Bioware's a big proponent of advancing storytelling in games. Is this one of the areas in which you feel the medium's a little immature and is it the most important thing to develop?
Muzyka: I think it's one place to go. It's not the only thing you can do to develop games. Progression in customisation, exploration, combat and social experiences are important too.
For BioWare we want to make these characters that you want to be interacting with, we want to make storylines that you want to be a part of, [so] you want to be a hero or a villain in our universes. So for BioWare it's a very important pillar of our gameplay, for sure.
There's an ongoing debate about the possibility of a one platform future. What are your feelings on the matter?
Muzyka: I can see it going there and I think there are valid reasons to do that. I see Sony, Microsoft and Nintendo maybe having some issues with that [as] they might want to continue their platforms.
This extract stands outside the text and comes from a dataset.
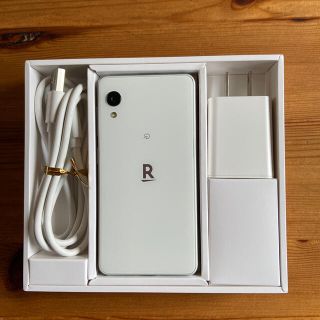 ラクテン(Rakuten)のRakuten mini ホワイト　美品(スマートフォン本体)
Given that they create the hardware and they're big brands that have a lot of loyal fans I think that it may take a while before you see one platform.
But the idea of a thin client that you could run code over the internet on and distribute to is a possibility in the future that I think could happen.
You're seeing it on some PC titles now like the flash-based games that are arguably an example of that, where you're playing a game that's displayed and rendered and you interact with it on your machine but it may be running somewhere else. It's an interesting idea in the future.
Do I think it's the only way games could go? No, I think there are a few valid ways games could go. I'm more interested in seeing the art of games.
I think as technology accelerates and gets better and better it's less and less about pushing pixels through a technology architecture and trying to find the ways to optimise.
That's still part of development, but more and more we're coming to a standard camera, kind of like the movie industry, but while you still iterate the camera it's more about what you do with the camera, more about the artistry and craftsmanship and how you direct the experience.
I think videogames are pretty exciting because you get to be the actor and the director at the centre of the experience at the same time, unlike a lot of other passive forms of entertainment.
You mentioned Mass Effect. Interestingly there was a recent listing for a GDC 2009 session based on level design in Mass Effect 2. Can you tell us anything about that?
Muzyka: That was interesting... Well, we haven't announced anything formally on Mass Effect 2 yet and the session at GDC is more development focused, but we have said that we're working on a trilogy of games or more in the past when we did Mass Effect and it's a franchise, which means we're going to develop in that universe for a long time. So maybe it would make sense for the team to be working on something like a Mass Effect 2, for example.
Can you see the franchise moving beyond PC and Xbox 360 this time?
Muzyka: We haven't commented on platform choice or anything like that.
What's the likelihood of Star Wars: The Old Republic making it's way onto consoles at some point, or the possibility of a new Knights of the Old Republic game for consoles?
Muzyka: Well the second question you'd have to ask LucasArts about because they're the owners of Star Wars, they're partners on The Old Republic and great partners to have.